Assis brilha ao trazer de forma dinâmica (ao seu modo) a sociedade que quer retratar. Entender o diálogo inicial como um portal para um mundo carregado de conservadorismo, misoginia e falta de apreço pela arte é fundamental para que a plateia não se envolva tão sentimentalmente com a moral da obra que faça se perder em ilações desnecessárias sobre suas reais intenções. Aqueles dois senhores falando sobre os programas policialescos da televisão e como a sociedade sente falta de “homens que gritam alto” é uma fotografia, onde se enxerga elementos basilares do local que dá nome do filme. Pensando bem, talvez nem seja necessário atravessar qualquer portal do ponto onde estamos hoje.
Todavia, o diretor entende, sim, que precisamos entrar em um mundo. Até porque, quando falamos de “Amarelo Manga”, entendemos que o Assis do ano 2000 vê um país à beira de uma redenção, passadas duas décadas, nunca se atingiu. O cineasta, à época da concepção de “Baixio das Bestas” com 40 e poucos anos, não é inocente ao explorar uma decadência estrutural da sociedade usando o sexo como choque narrativo – chegando até a aproveitar fragmentos de um vídeo pornográfico.

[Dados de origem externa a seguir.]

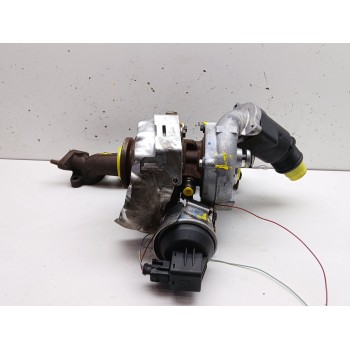 Recambio de turbocompresor para volkswagen passat berlina (3c2) 2.0 tdi referencia OEM IAM 03L253016F R 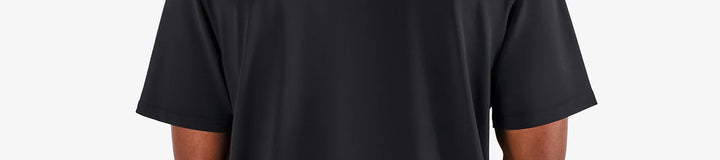 BLOCK PLACKET POLO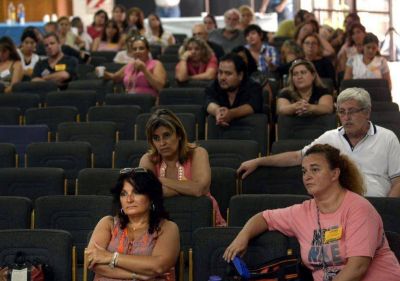 El SUTE va hacia su tercer paro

A câmera interesseira de seu primeiro longa-metragem passa a ser exploratória aqui. Ela quer ficar no ambiente enquanto perdura a lascívia, testando os limites do espectador. Com especial apreço pelo estupro e pela violência sexual, a obra se revela estilizada, com planos artisticamente pensados para as sequências mais cruéis com as mulheres em cena. Um fetichismo que, em algumas cenas do miolo do filme, surge quase como esquetes. As referências da produção nacional da segunda metade dos anos 60 e início dos anos 70 na montagem de “Amarelo Manga” viajam para o obscuro período de desbunde gratuito da Boca do Lixo.
Ninguém admitirá isso, mas é possível que alguns envolvidos em “Baixio das Bestas” entendam que as tintas soam (ou sempre soaram) exageradas. O que antes se via como uma gostosa imoralidade, um exercício de prazer do espectador, hoje é um artifício narrativo cansativo – e violador. Na meia hora final, há um caminhar importante no foco à cultura pernambucana, em especial o maracatu. Assis parece até resgatar dentro de si o cineasta inventivo e provocante a partir do frescor de seu primeiro longa-metragem. Esse foco no regionalismo não perdura e a obra se serve novamente como uma laranja mecânica tupiniquim em ato contínuo.
Com personagens menos complexos, alguns beirando o genérico e uma protagonista pensada quase como um objeto cênico, “Baixio das Bestas” pode ser entendido tanto como eficiente na sua proposta de criar sensações, quanto como um desfile de sequências de perturbação gratuita. Acreditamos que nenhuma das duas visões se anulam ou nem mesmo demarcam qualquer demérito à obra. É apenas mais um alerta da arte brasileira do passado de que o mar de tranquilidade que a Cultura acreditava navegar naquele período escondia embaixo do tapete uma sociedade que sempre a viu como inimiga.